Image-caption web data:

-.-.-

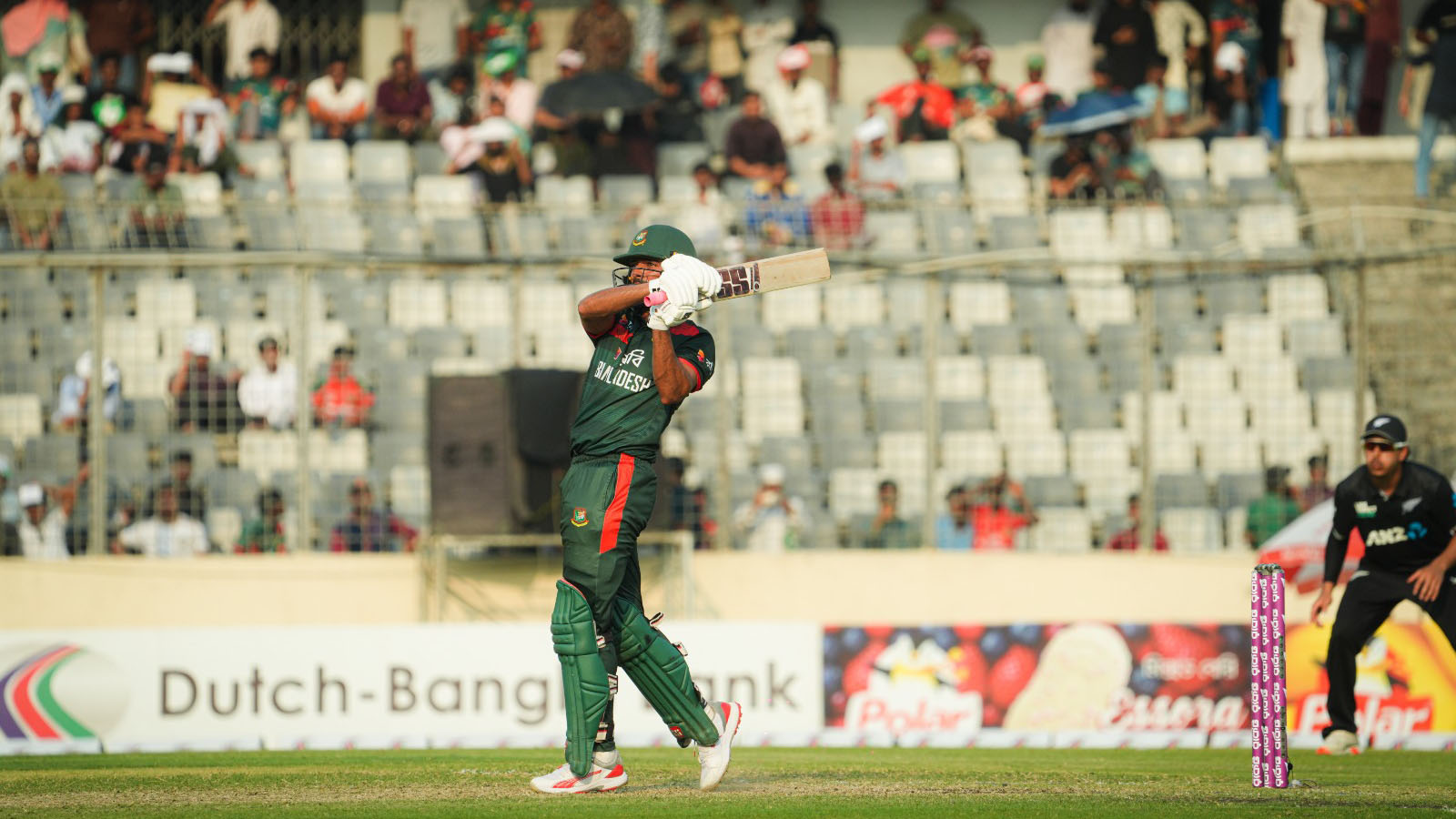 তামিম-সাইফকে হারিয়ে শুরুতেই চাপে বাংলাদেশ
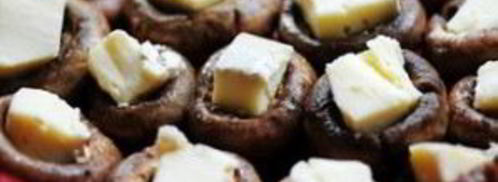 фаршированные грибы с сыром бри. Шаг 12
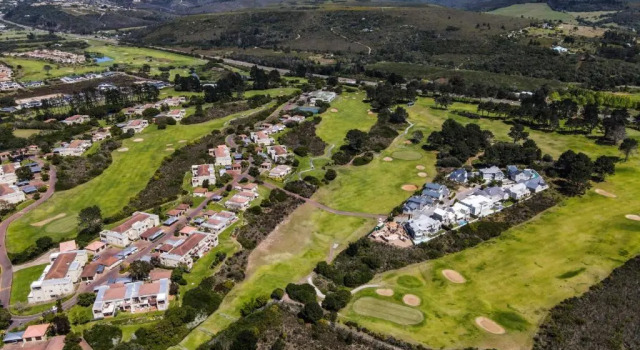 Апартаменты Goose Valley Golf Estate Unit J6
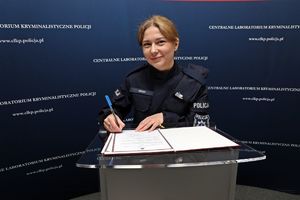 Zdjęcie policjantki ze ślubowania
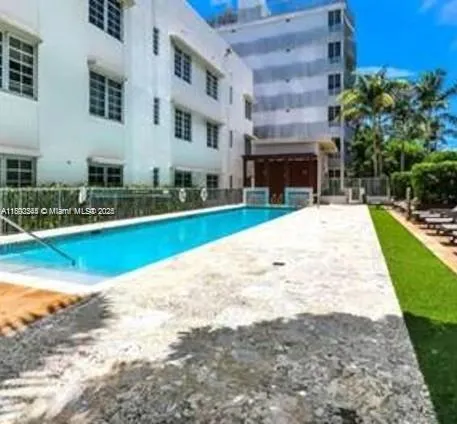 $2,900 | 435 21st Street, Unit 308, Miami Beach, FL 33139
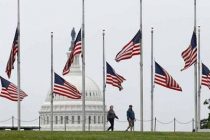 Флаги приспустят на три дня в США в память о жертвах COVID-19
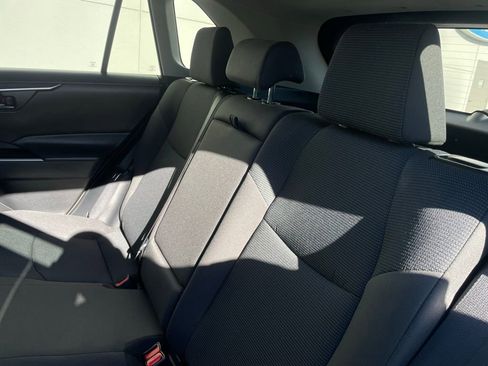 Used 2024 Toyota RAV4 LE image 40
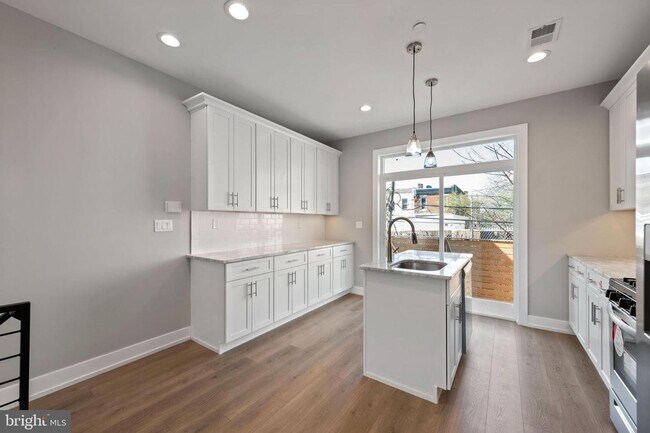 Foto del edificio - Brand New 4-Bedroom Luxury Home with Rooft...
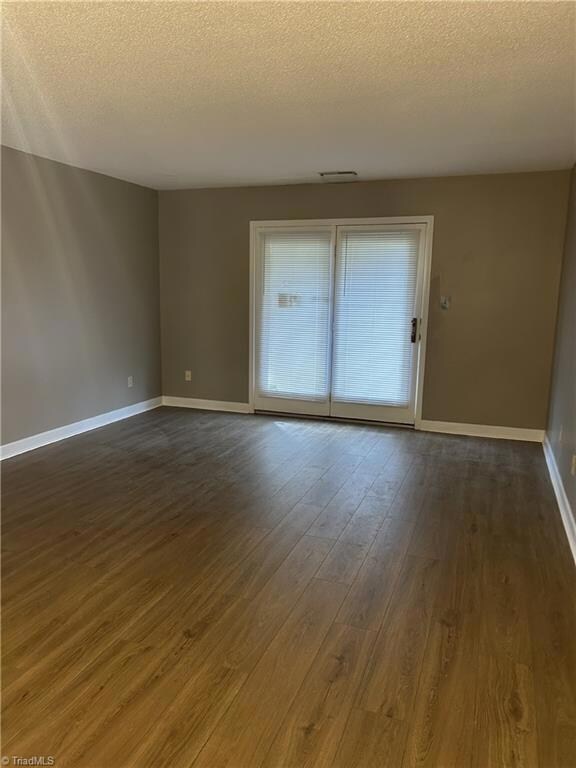 301 Windsor Manor Way unit C, Kernersville, NC 27284 - photo 4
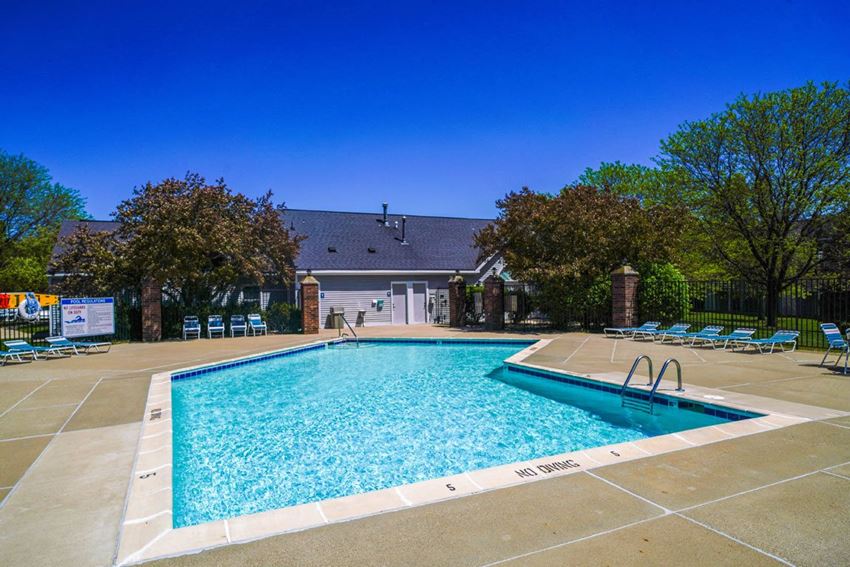 Gull Prairie/Gull Run Apartments And Townhomes, 4495 Gull Run Drive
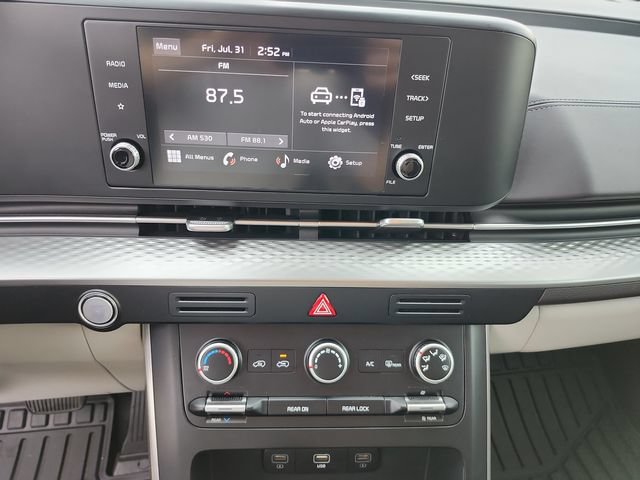 Used 2024 Kia Carnival LX FWD image 22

-.-.-

* WHAT YOU SHOULD DO *
Write out, word for word, the lines running from the one containing "Beach, FL 33139" to the end of the data above; the pictures are to be left out.

* OUTPUT OF THE EXERCISE *
 $2,900 | 435 21st Street, Unit 308, Miami Beach, FL 33139
 Флаги приспустят на три дня в США в память о жертвах COVID-19
 Used 2024 Toyota RAV4 LE image 40
 Foto del edificio - Brand New 4-Bedroom Luxury Home with Rooft...
 301 Windsor Manor Way unit C, Kernersville, NC 27284 - photo 4
 Gull Prairie/Gull Run Apartments And Townhomes, 4495 Gull Run Drive
 Used 2024 Kia Carnival LX FWD image 22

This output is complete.